For years I have wanted to read more books. Prolific readers rave about the benefits and world-renowned leaders often attribute their ideas and successes to their habit of reading, but to me the benefits of having read a lot of books was secondary to the innate sense that a realm of knowledge and experience was available to me, but I was missing it.

Missing out on something is not inherently bad. It is actually a good thing in many cases. With firehoses of input available at every turn today, we need to decide to miss out on some things. And the more we can cut, the more head space and time we have to expand our minds and work towards our goals in life. I will be the first to say I am bad at this. Resisting the constant pull of potential updates is a war I fight daily.

In time, I have cut back on these overwhelming streams of unnecessary input, but I have only done so successfully with the addition of a replacement habit: reading books. Frankly, I don't have the self-control to pick up a book instead of my phone when the "just check" bug bites. I rely on staged environmental circumstances to make it happen. I leave my phone out of reach and keep a book readily available. That helps significantly, but taking it another step, I have committed to completing a book every two weeks.

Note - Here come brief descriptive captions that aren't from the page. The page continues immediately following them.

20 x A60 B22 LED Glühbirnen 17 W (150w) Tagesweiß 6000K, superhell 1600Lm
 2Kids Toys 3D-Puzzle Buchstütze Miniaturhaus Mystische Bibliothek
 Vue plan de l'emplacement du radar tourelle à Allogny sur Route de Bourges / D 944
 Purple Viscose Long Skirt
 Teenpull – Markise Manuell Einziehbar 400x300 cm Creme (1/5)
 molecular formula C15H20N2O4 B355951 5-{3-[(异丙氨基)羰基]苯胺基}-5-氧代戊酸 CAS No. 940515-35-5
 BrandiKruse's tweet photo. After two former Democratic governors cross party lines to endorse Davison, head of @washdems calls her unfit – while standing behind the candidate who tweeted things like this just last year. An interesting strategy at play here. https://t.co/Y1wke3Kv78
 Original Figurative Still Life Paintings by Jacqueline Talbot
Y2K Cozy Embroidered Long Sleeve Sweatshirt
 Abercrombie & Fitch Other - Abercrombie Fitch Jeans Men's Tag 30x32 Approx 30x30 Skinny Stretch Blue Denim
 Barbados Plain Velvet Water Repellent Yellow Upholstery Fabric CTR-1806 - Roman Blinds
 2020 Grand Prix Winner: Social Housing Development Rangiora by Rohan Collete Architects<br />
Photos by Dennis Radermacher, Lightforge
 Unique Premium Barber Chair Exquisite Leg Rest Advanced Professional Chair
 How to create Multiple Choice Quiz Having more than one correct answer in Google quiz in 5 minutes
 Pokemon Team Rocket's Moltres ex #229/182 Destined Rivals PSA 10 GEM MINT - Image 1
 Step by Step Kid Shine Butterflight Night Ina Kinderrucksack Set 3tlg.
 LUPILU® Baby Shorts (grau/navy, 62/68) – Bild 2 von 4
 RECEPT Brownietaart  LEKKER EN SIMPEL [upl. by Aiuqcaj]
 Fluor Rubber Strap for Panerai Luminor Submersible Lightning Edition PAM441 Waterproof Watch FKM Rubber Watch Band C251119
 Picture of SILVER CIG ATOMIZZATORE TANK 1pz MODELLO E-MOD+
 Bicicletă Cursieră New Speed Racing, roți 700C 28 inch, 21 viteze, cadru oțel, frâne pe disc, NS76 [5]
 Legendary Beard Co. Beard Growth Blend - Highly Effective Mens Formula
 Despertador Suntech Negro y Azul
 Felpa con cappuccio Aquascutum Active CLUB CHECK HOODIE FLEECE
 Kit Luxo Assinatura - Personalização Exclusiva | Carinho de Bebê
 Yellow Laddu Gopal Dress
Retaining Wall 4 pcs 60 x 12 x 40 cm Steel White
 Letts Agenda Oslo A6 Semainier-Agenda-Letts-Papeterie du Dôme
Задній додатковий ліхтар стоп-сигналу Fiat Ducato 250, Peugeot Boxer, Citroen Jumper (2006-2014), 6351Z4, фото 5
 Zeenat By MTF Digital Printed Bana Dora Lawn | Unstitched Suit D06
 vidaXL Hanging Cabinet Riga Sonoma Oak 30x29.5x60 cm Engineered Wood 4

This accomplishes two things. One, I need to read a significant portion of a book each day to hit my mark. Two, it forces me to look for time to read in the day. The combination of these two means I do not have near the time for social media and email as I did previously and instead use that time for books.

But there is a flaw in this design that I discovered early on. My procrastination tendency leads me to back loading the two-week period with higher page counts. This is mostly due to not knowing if I am on track to hit my goal on a daily basis. It appears simple to take the number of pages in the book and divide by 14 to know how far to read each day. But after day three or four, I start to lose track and do not want to continue recalculating where I should be.

Each time I start a new book, I create a new OmniFocus project for it. I have a series of tasks I complete after finishing a book. Since this project already exists, I took it to another level and added a "Read Book" group with subtasks for each day's reading. With that group flagged, I know what today's expected page count is by looking at my Dashboard.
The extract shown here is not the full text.